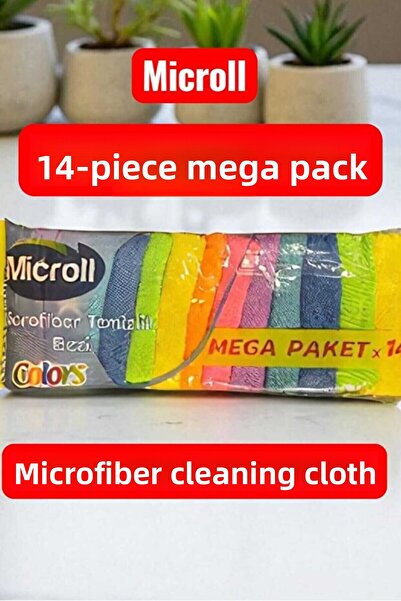 RSI Home Pachet de 14 cârpe de curățare colorate din microfibră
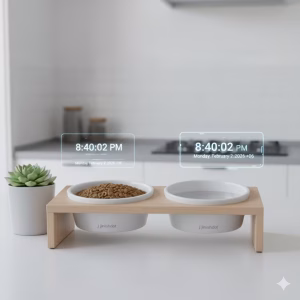 Pet Feeding Bowl Set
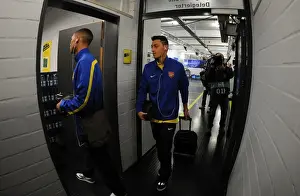 West Bromwich Albion V Arsenal 2013-14 Prints: Mesut Ozil's Emotional Return: Borussia Dortmund vs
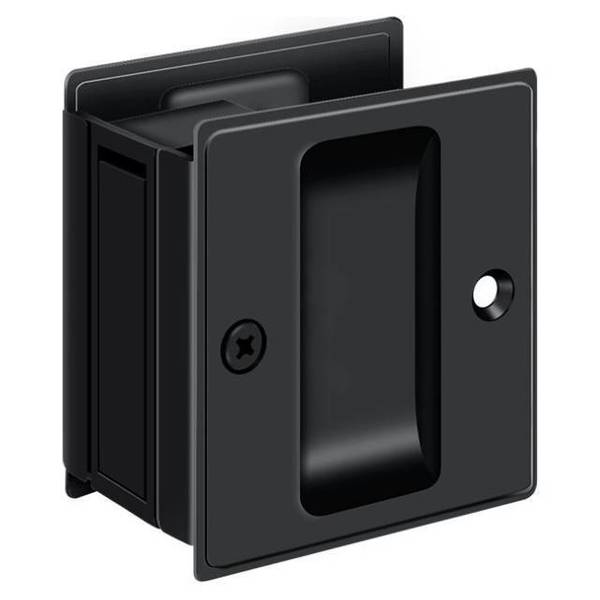 Deltana Pocket Lock, 2-1/2" X 2-3/4" Passage Black SDP25U19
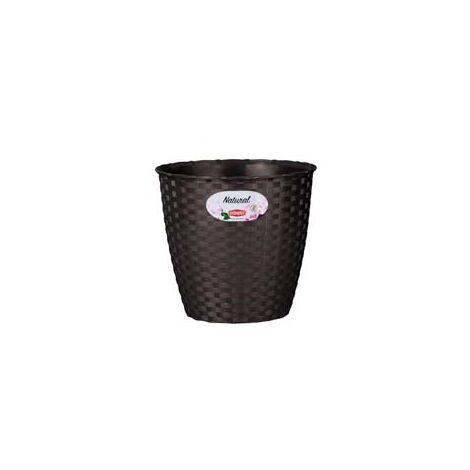 VASO NATURAL MOKA- - ø cm.24x22.2h. - lt. 6.2 - 2 pezzi STEFANPLAST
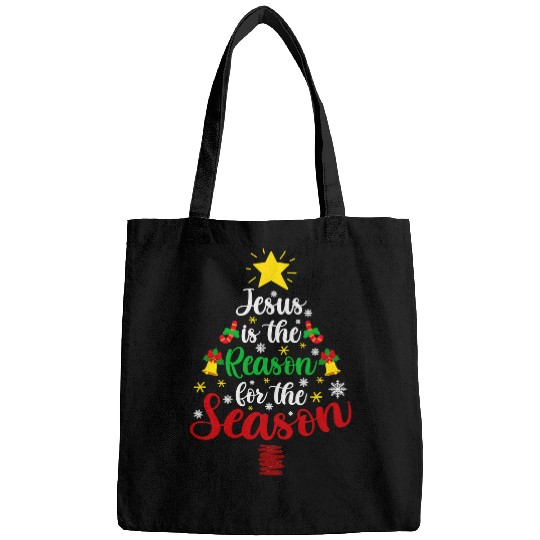 Christian Jesus Christ Christian Jesus Is The Reason For The Season 324 Bible Verse Christ Bags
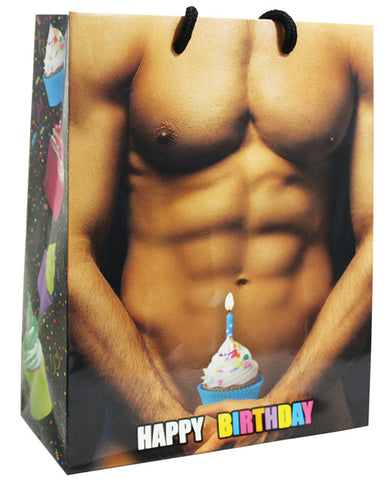 Happy Birthday! Man w-Cup Cake Gift Bag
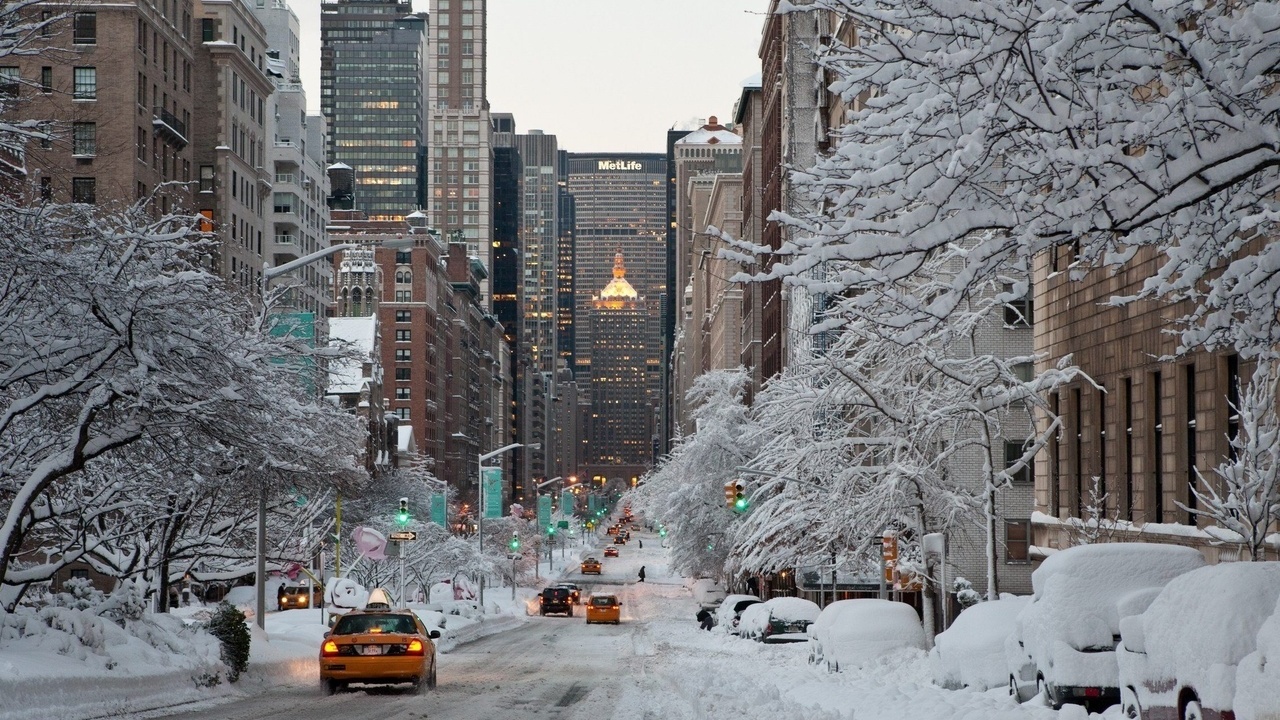 winter, nyc, city, new_york, Usa, 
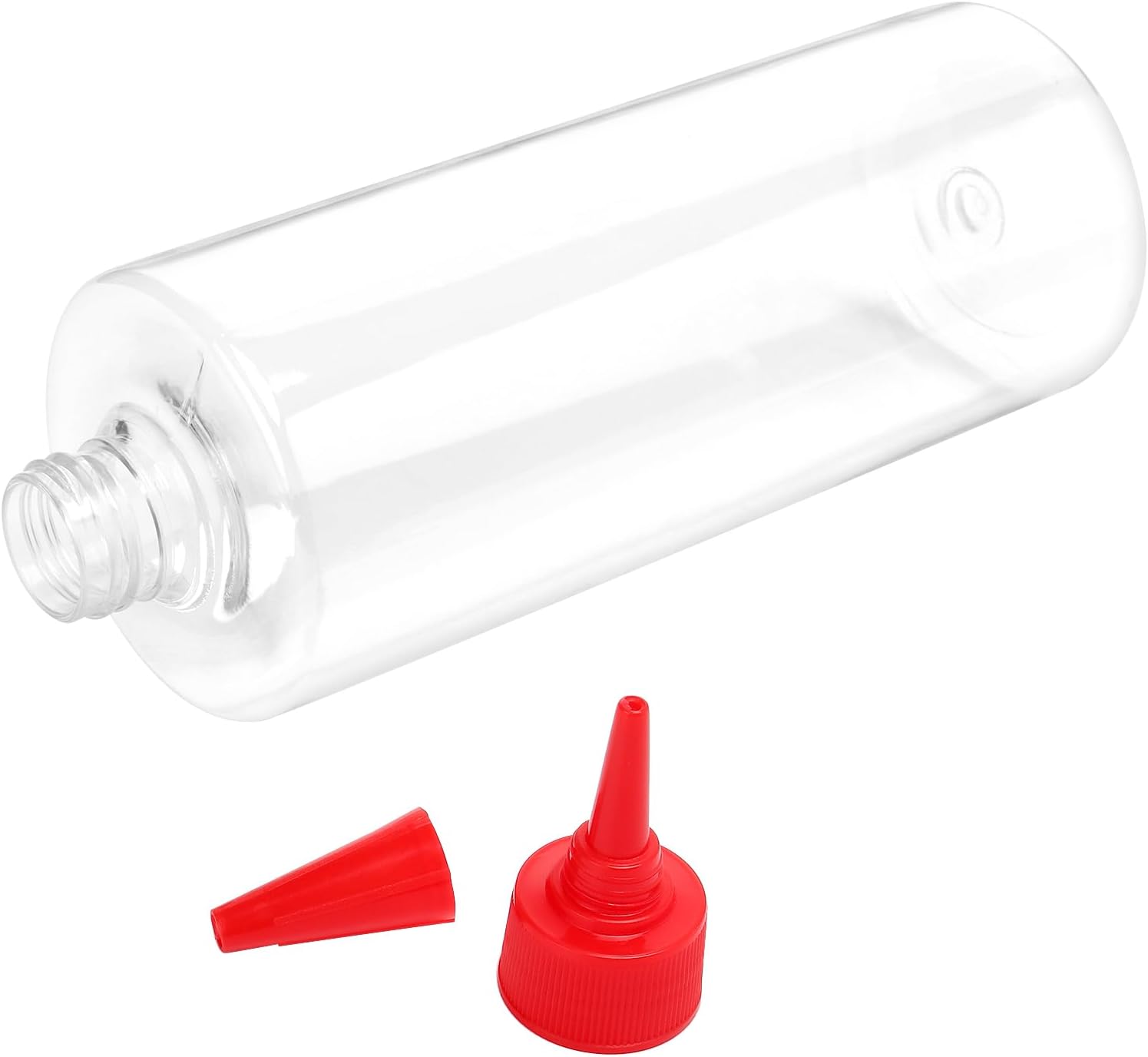 12 PCS 16 oz Clear Plastic Squeeze Bottles with Twist Top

■ ■ ■ ■ ■

• YOUR INSTRUCTIONS:
An exact copy of all the records, free of pictures, is the expected answer.

• RESULT BELOW:
 RSI Home Pachet de 14 cârpe de curățare colorate din microfibră
 Pet Feeding Bowl Set
 West Bromwich Albion V Arsenal 2013-14 Prints: Mesut Ozil's Emotional Return: Borussia Dortmund vs
 Deltana Pocket Lock, 2-1/2" X 2-3/4" Passage Black SDP25U19
 VASO NATURAL MOKA- - ø cm.24x22.2h. - lt. 6.2 - 2 pezzi STEFANPLAST
 Christian Jesus Christ Christian Jesus Is The Reason For The Season 324 Bible Verse Christ Bags
 Happy Birthday! Man w-Cup Cake Gift Bag
 winter, nyc, city, new_york, Usa, 
 12 PCS 16 oz Clear Plastic Squeeze Bottles with Twist Top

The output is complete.